Formazione a tutto campo: dalla gestione aziendale alla lead generation

Infine nel futuro della distribuzione ICT Veca vede un calo dell’importanza della logistica e dei finanziamenti. “L’area con più opportunità è la formazione: non tanto sulle specifiche tecnologie, questa la do per scontata, ma su tutto ciò che sta intorno: sui nuovi modelli di business a canone, sui processi di gestione aziendali specifici, nel nostro caso di aziende MSP. O su come funziona la lead generation: al cliente per esempio va spiegato bene che l’output che gli arriva è una lista di nomi e indirizzi, e non degli ordini di acquisto”.

Altri ambiti su cui Veca vede una forte esigenza di formazione sono la strutturazione dei processi aziendali e dell’offerta, e la misurazione delle performance con KPI e relativi strumenti. “All’edizione 2019 del nostro evento Achab MSP Day, quasi tutti i 300 partecipanti nei feedback form ci hanno chiesto formazione specifica. Abbiamo deciso di fare una giornata dedicata a pagamento, MSP Day Symposium, che si svolgerà il 7 febbraio, con due temi: gestione aziendale e modelli di business specifici per MSP la mattina, e al pomeriggio come impacchettare e quotare i servizi da offrire. In 3 giorni abbiamo avuto 70 iscritti”.

“Il cloud si è affermato da anni, ma siamo ancora qui”

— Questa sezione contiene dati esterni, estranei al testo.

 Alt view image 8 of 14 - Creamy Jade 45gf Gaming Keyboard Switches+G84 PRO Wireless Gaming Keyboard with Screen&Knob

Molti all’avvento del cloud, ricorda Veca, avevano previsto la scomparsa dell’intermediazione, e in particolare dei distributori, “e invece il Cloud ormai si è affermato da anni, e siamo ancora qui”.

“A parte quella decina di colossi dell’ICT che tutti conoscono, ci sono migliaia di vendor che hanno bisogno di farsi conoscere anche dalla srl della provincia più sperduta. È ancora fondamentale la prossimità, e i distributori assicurano prossimità”.

Anche per i prodotti cloud più diffusi e standard, come Office 365, conclude il CEO di Achab, “si impara presto che non basta pagare con la carta di credito e avviare il sistema. A contorno ci sono tante questioni di sicurezza, backup, business continuity, che richiedono competenze specialistiche. Il cloud non funziona da solo. È una modalità di delivery, ma il resto non è cambiato: la PMI ha bisogno che le sue business application funzionino bene, e che l’infrastruttura su cui girano funzioni bene. E di queste cose non può occuparsi da sola”.